クニー:最近だと木村友祐『イサの氾濫』(未來社、2016)という小説で、出身は東北だけど、乱暴者の叔父さんが、親戚からつまはじきにされ、最後は東京近郊で孤独のうちに息を引き取る話が書かれていて、面白かった……。
ヨシ:フランスで、変なオッチャンいうたら、やっぱりジャック・タチJacques Tati(1907-1982)の、タイトルもずばり『ぼくの伯父さん』(Mon oncle, 1958)やね。確かに変わってるけど、甥っ子をいろんなところに連れてってくれる。両親とでは決して知ることのでけん世界を見せてくれんのが伯父さんの役割やな。
クニー:ぼくもヨシといると、いろんな世界を発見できるよ~。というわけで今回もいろいろ教えて、おじさん!
ヨシ:「オッチャン」や、いうとるやろ!
映画と女優
クニー:映画が出てきたけど、ヨシの好きなフランス映画は?
ヨシ:まずは日本公開されてへんけどQue la lumière soit !(1998)やね。神様がシナリオを書いて、それを映画化するために地上におりてきてまうとこからして笑えるけど、何というたかて、主演のエレーヌ・ド・フジュロール Hélène de Fougerolles (1973- )に心奪われたわ~。

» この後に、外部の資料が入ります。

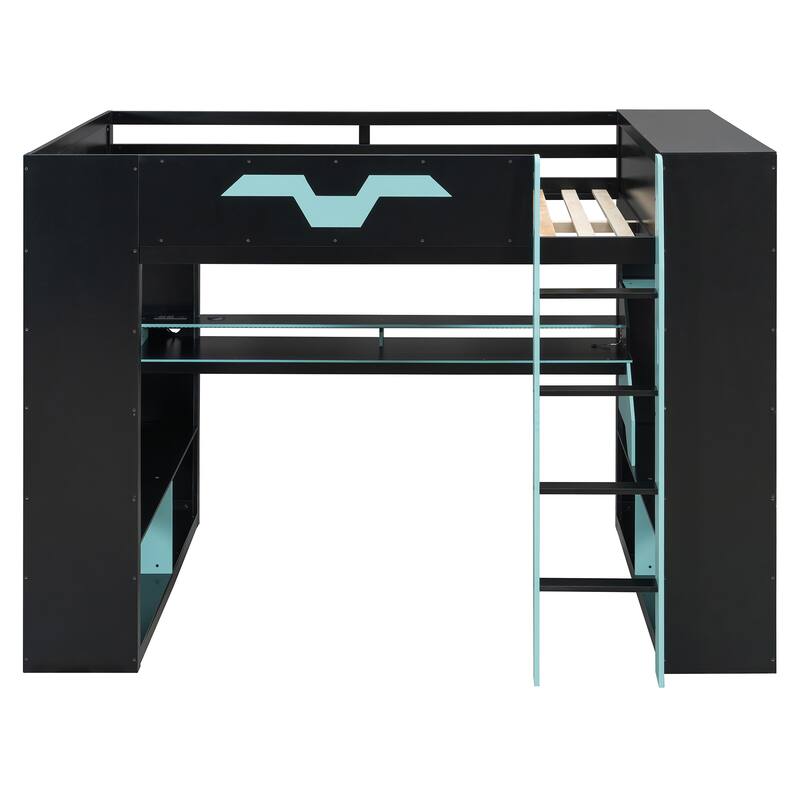 Roomfitters Full Gaming Loft Bed with Power Hub, RGB Lights and Cable Management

クニー:Que la lumière soit ! は創世記の始めにある「光あれかし」の意味だね。soitはêtreの接続法3人称単数の形で、〈que+接続法〉で願望や命令を表す。
ヨシ:クニー、いつもながらの文法愛や。それから『ロスト・チルドレン』(La Cité des Enfants Perdus, 1991)も好き。
クニー:直訳すると「行方不明になった子供たちの街」。『デリカテッセン』(1995)や『アメリ』(2001)で知られるジャン=ピエール・ジュネJean-Pierre Jeunet (1953- )が、マルク・キャロMarc Calo (1956- )と共同監督した作品だね。メルヘンかと思ったら、子供たちが誘拐されて奇怪な世界へと連れていかれる、悪趣味すれすれの映画っていい?
ヨシ:そんななかでも、主演のジュディット・ヴィッテJudith Vittet (1984- )の凛々しさがじつにええんやー。
クニー:ヨシって、結局主演女優のことばっかりじゃないですか~?
ヨシ:フランス映画いうたら女優と、昔から相場が決まってるがな。諺にも「映画は女優のためにある」On réalise des films pour les actrices. ていうやろ?
クニー:そんなの初めて聞いたよ!
映画とジャンル
ヨシ:フランスの映画情報ページで有名なんはAllociné (http://www.allocine.fr)やけど、これに限らず、情報誌には映画のジャンルが明記されるよね。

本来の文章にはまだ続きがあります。